You can’t be serious with this question, can you?. And the 2GB virtual space only applies to 32-bit systems. It’s vastly larger on the ubiquitous 64-bit systems of today.
—
Tim Roberts, xxxxx@probo.com
Providenza & Boekelheide, Inc.
@Tim thank you for the response and for the correction on the fact that article speaks of 32 bit systems. OK then just for the sake of the argument and in keeping with 64 bit systems where the virtual space is much larger. Would there be a kernel component that resides in the virtual 8-terabyte address space that an application on a 64 bit resides ? My question as above if there is such a kernel component within this virtual address space does it play any role in communicating IO data such as TCP to the user application residing within the same virtual address space ? Such as the mapping you talked about above ? if no then what is the purpose of the kernel component which resides in the same virtual address space as the application ?
Thanks again
xxxxx@hotmail.com wrote:
thank you for the response and for the correction on the fact that article speaks of 32 bit systems. OK then just for the sake of the argument and in keeping with 64 bit systems where the virtual space is much larger. Would there be a kernel component that resides in the virtual 8-terabyte address space that an application on a 64 bit resides ? My question as above if there is such a kernel component within this virtual address space does it play any role in communicating IO data such as TCP to the user application residing within the same virtual address space ? Such as the mapping you talked about above ? if no then what is the purpose of the kernel component which resides in the same virtual address space as the application ?
I don’t think your mental model of the system is quite correct yet.
Let’s say we freeze the whole system at a given point in time. In the
lower parts of the virtual address space, we have the currently running
application, its DLLs, and the user-mode operating system DLLS like
gdi32.dll and user32.dll. In the upper parts of the virtual address
space, we have the operating system kernel, add-in kernel modules,
kernel drivers, page tables, and so on. EVERYTHING you need to run the
entire computer is in that address space. Let’s say the application
calls “recv” on a socket. The CPU starts executing in the user-mode
Windows sockets DLL, ws2_32.dll. That function will eventually call
ReadFile, in the user-mode DLL kernel32.dll.
ReadFile then makes a syscall which shifts the CPU into kernel mode, and
ends up calling into ZwReadFile in ntoskrnl.exe. Now, that’s just a
regular DLL, except that it lives in the kernel part of the process
space. It eventually will create an I/O request and call IoCallDriver,
which eventually calls into the network driver stack. The network
drivers all live in that kernel part of the address space, so these are
just function calls that happen to be done while the CPU is in ring 0
(kernel mode). While that’s going on, the rest of the address space
(including the user-mode portion) is all still there.
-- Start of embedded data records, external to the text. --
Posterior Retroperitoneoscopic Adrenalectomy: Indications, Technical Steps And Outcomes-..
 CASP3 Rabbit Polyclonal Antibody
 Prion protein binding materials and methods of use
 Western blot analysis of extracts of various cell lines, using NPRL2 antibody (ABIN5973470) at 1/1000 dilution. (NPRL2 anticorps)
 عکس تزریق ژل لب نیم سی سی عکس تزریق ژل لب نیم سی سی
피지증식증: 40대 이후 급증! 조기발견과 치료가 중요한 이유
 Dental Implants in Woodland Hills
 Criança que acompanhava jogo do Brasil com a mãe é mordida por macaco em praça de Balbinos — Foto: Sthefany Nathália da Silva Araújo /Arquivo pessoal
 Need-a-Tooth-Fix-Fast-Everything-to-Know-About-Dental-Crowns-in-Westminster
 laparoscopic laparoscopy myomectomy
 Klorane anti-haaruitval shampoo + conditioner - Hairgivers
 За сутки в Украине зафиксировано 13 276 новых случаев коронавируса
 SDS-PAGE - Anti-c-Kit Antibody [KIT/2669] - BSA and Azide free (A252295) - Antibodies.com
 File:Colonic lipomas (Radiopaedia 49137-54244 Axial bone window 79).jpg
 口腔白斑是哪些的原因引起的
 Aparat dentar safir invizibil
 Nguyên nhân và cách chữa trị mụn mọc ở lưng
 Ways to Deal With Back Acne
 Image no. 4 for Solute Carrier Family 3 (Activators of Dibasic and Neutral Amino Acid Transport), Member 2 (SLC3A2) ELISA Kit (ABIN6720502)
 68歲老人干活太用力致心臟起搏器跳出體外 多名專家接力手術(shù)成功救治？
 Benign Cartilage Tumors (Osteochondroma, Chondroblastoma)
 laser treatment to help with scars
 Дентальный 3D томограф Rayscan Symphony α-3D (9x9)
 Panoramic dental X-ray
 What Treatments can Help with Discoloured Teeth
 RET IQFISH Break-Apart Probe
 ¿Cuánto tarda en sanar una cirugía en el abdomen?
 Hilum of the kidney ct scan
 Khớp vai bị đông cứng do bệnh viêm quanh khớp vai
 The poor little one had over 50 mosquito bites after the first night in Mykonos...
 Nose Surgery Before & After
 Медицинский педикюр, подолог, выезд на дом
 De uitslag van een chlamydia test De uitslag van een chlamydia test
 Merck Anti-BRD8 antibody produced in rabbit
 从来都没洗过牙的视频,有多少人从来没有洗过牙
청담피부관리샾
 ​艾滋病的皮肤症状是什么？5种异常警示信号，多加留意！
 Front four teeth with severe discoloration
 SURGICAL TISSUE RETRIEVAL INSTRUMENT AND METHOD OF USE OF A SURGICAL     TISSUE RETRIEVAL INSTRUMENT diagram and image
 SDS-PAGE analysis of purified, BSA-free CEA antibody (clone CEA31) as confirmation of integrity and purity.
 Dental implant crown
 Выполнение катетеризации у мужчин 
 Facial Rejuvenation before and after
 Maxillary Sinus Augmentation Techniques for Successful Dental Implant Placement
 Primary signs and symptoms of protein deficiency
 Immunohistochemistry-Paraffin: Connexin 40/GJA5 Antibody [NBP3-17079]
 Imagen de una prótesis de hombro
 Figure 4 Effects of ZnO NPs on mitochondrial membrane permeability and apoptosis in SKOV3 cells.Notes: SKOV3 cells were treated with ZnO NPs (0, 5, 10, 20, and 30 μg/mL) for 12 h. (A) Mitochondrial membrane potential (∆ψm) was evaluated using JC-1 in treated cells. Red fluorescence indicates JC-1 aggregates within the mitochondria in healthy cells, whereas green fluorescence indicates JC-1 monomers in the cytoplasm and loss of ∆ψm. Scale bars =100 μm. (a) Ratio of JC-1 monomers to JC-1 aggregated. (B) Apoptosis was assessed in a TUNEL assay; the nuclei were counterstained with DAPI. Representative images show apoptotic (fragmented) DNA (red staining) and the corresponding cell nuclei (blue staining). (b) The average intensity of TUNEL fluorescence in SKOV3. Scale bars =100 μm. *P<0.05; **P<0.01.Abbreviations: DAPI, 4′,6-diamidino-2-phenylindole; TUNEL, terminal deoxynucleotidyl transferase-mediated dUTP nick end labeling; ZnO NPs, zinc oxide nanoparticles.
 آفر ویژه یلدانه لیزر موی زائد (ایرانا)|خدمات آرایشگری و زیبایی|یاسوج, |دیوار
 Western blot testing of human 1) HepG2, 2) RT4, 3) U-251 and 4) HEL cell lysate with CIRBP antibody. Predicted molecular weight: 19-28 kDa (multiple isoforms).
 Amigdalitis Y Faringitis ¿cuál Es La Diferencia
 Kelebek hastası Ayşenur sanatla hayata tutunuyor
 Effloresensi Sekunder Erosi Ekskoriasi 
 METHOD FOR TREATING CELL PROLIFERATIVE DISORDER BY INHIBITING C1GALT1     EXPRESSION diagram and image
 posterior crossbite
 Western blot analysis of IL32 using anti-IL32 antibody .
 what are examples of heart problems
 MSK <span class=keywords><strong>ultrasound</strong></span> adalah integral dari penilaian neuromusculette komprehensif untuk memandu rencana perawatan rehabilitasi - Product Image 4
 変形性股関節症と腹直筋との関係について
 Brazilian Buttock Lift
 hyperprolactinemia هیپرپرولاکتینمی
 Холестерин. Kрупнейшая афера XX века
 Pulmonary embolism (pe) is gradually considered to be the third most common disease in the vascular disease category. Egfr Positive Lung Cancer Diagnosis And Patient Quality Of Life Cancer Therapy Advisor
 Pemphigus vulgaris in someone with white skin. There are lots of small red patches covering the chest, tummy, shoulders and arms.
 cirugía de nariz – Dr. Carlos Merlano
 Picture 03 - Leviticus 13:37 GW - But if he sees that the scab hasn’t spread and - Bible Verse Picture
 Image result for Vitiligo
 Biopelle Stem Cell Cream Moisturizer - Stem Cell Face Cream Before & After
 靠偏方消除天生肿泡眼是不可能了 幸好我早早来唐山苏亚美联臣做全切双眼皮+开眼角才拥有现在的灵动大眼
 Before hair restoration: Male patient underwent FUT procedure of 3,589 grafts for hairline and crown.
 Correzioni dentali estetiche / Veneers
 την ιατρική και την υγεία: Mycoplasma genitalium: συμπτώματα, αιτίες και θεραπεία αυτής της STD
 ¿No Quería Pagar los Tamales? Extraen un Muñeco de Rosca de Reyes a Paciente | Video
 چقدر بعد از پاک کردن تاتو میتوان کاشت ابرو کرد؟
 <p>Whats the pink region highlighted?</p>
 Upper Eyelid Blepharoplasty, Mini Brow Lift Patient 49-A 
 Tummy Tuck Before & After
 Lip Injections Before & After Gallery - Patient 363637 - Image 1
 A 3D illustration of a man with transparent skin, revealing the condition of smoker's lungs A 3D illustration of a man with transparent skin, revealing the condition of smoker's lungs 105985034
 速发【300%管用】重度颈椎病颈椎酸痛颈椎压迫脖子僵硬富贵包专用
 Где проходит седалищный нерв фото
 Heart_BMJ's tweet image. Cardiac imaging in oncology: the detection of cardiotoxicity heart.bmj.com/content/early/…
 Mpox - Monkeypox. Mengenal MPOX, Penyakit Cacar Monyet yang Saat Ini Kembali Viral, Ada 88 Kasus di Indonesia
These kernel
drivers can copy to user-mode addresses just by writing to a local pointer.
Eventually, the I/O request is completed, the functions return, we mode
the CPU back to ring 3 (user mode), and the application continues on.
When the system wants to start running a different application, it just
switches the page tables for the lower half of the virtual space. The
upper half (with the kernel) remains the same, always available.
So, it’s not like the operating system lives in some separate space.
The operating system is in memory at all times.
–
Tim Roberts, xxxxx@probo.com
Providenza & Boekelheide, Inc.
@Thanks again Tim. I have a further question to ask how can I find out much more about the “kernel network handler” you described above ? Ideally I want to understand exactly in details as much as possible how TCP data is received and sent by an application but exactly what is happening on the kernel side of things. You given some excellent insights but I need more information or details on how the OS (kernel code) handles TCP data all the way up.down the tcp stack and the way the data gets mapped (via “kernel network handler”) to and from a user mode application but from the OS (kernel) perspective. I’d like learn what is happening behind the scenes so to speak.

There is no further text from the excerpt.